Described in the run-up as Warrington’s version of the Venice Biennale because of its city ‘pavilions’ approach, my high expectations of North – a new visual arts strand of Warrington Contemporary Arts Festival – were tempered with a fair bit of scepticism. Curated by Will Lunn (founder of Copperfield Gallery, London), the premise was to inject some outsider expertise into the existing festival’s offer. But would it work?

The main event at North – its so-called focus exhibition – is just that; a tightly curated focus on big names from the contemporary art world, gathered together in a small room in Warrington Museum & Art Gallery.

For The Dream Of Modern Living?, freelance critic Paul Carey-Kent has selected new and old works that respond to Ikea – a nod to the fact that the Swedish company opened its first British store here in 1987.

The show is built around Guy Ben-Ner’s video Stealing Beauty (2007). Filmed without permission in real Ikea stores, Ben-Ner and his wife and two children play out family dramas – including ‘washing’ invisible dishes after dinner – until interrupted, and cut off, by security staff.

The stars of this show, though, are the sculptures: Ryan Gander’s multiple attempts at lamp making, made out of plastic boxes drilled with holes, propped up with knives and held in place by elastic; Stuart Hartley’s remodelling of Ikea shelving units into glowing, abstract works; and David Rickard’s plaster boxes blown apart with explosives.

Daintily-placed pavilions

The real pleasure of North, however, is its pavilions, daintily placed around town. The public spaces of Warrington’s high street – including former shops and banks, sandwiched in between 99p shops and Greggs the bakers – have been re-appropriated into mini art spaces.

Stepping out of the central museum and onto the streets, visitors will see independent galleries representing a variety of cities north of London.

The Birmingham Pavilion is curated by Ikon Gallery with artists Cathy Wade and Kevin Ryan, who have taken over a former bank and filled it with tiny paintings of Shaun Ryder from Manchester band Happy Mondays. This bizarre homage is the latest iteration of the ongoing Shaun Ryder Beermat Show, which makes use of mats that were originally produced to promote Ryder’s TV show on UFOs, which used the tagline: ‘It’s no hoax’.

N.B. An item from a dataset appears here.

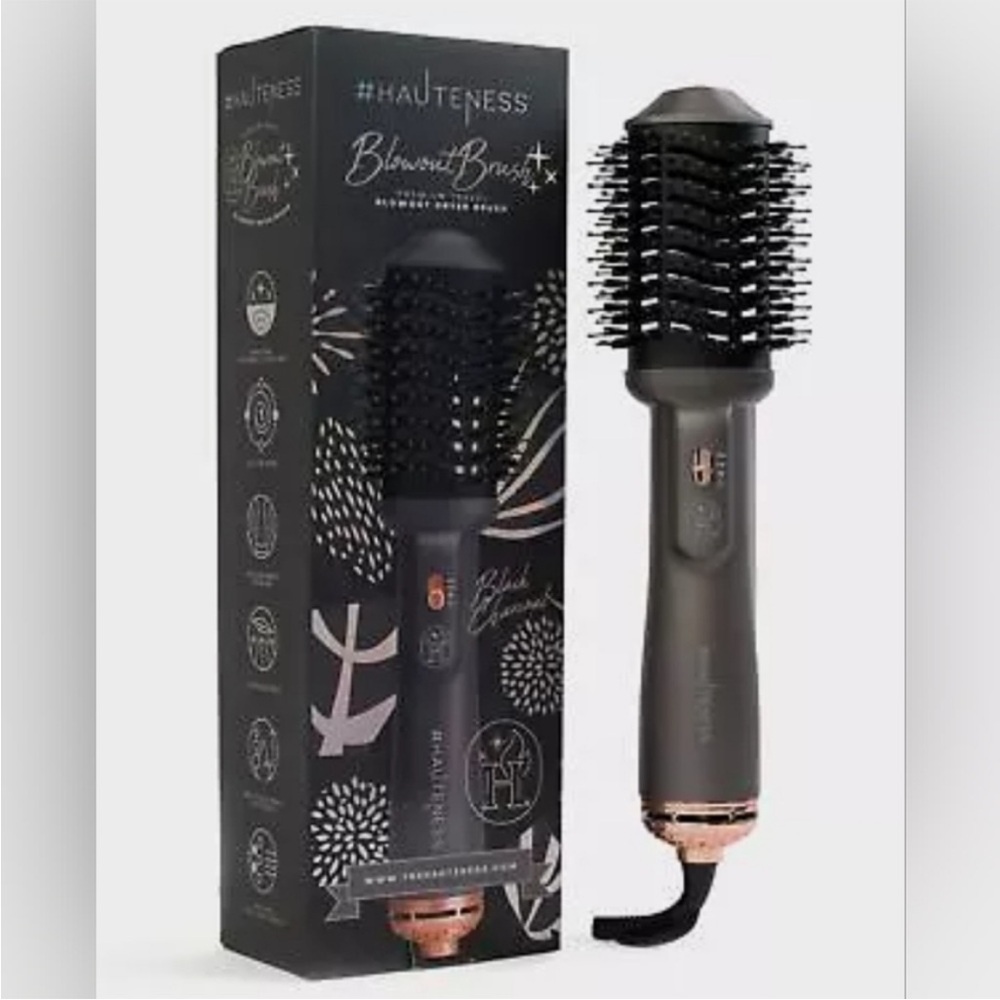 HAUTENESS BLOWOUT BRUSH HAIR STYLER NEW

The singer’s decorated face is stuck to tables, cashier desks and deposit boxes. One paying-in-slip table has been carefully turned into a Ryder altar. The beer mat, Ryan explains, is the perfect canvas: portable, easy to source and a talking point for the artists invited to participate.

The other pavilions continue in a similar vein. The Liverpool Pavilion, curated by Fran Disley and Kevin Hunt of MODEL, use a beautiful Victorian waiting room/station master’s office on platform two at Bank Quay train station. As venues go, it’s guaranteed a steady audience; when I was there, people waiting for the Virgin train to London popped in to have a look (with expressions best described as bemused).

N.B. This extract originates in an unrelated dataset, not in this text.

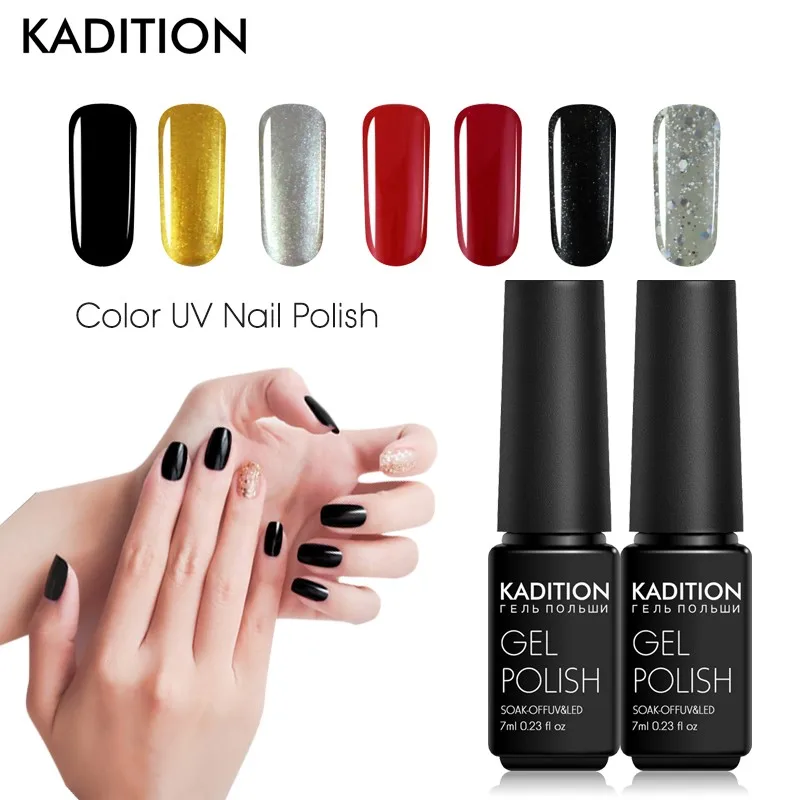 Гель-лак для ногтей KADITION 29 цветов долговечный самостоятельного маникюра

Cheekily entitled Scouse House, or as Disley put it “a survey of Scouseness”, like the Birmingham pavilion it is an ongoing project (travelling onto Dublin after North). The title and the works may be tongue-in-cheek – including Nicki McCubbing’s grubby and masked child, I’m A Touched Up Freak On A Winning Streak (2010) and Peter Martin’s tribute to Liverpool’s more salacious retail offer, Come On Ladies… (2014) – but this has a serious advocacy purpose: to chart and promote Liverpool-born artists who are doing well internationally.

Leeds has so much to offer, it seems, that the city has two pavilions. In Part One, East Street Arts has cleverly utilised the opportunity to host a series of artist residencies. For the first 10 days of the festival, Josh Gibbs will be quietly building tiny, melancholy houses on a table positioned in front of one of the Pyramid Art Centre’s huge glass windows.

Part Two has been curated by Set The Controls For The Heart Of The Sun, a gallery in Leeds city centre recently under threat of closure. Making a new home in Warrington’s bewilderingly kitsch Hatters Row for the duration of the festival, many of the featured artists – including Claudia Dance-Wells and Josef Zachary Shanley Jackson – are young graduates.

There are also pavilions for Manchester, Middlesbrough, Newcastle and Sheffield.

North clearly adds an ambitious new dimension to Warrington Contemporary Arts Festival and, while this debut has its teething problems, they seem surmountable: mainly confused branding (is this WCAF or North?) and staffing issues (it needs more manpower, including in communications and event management).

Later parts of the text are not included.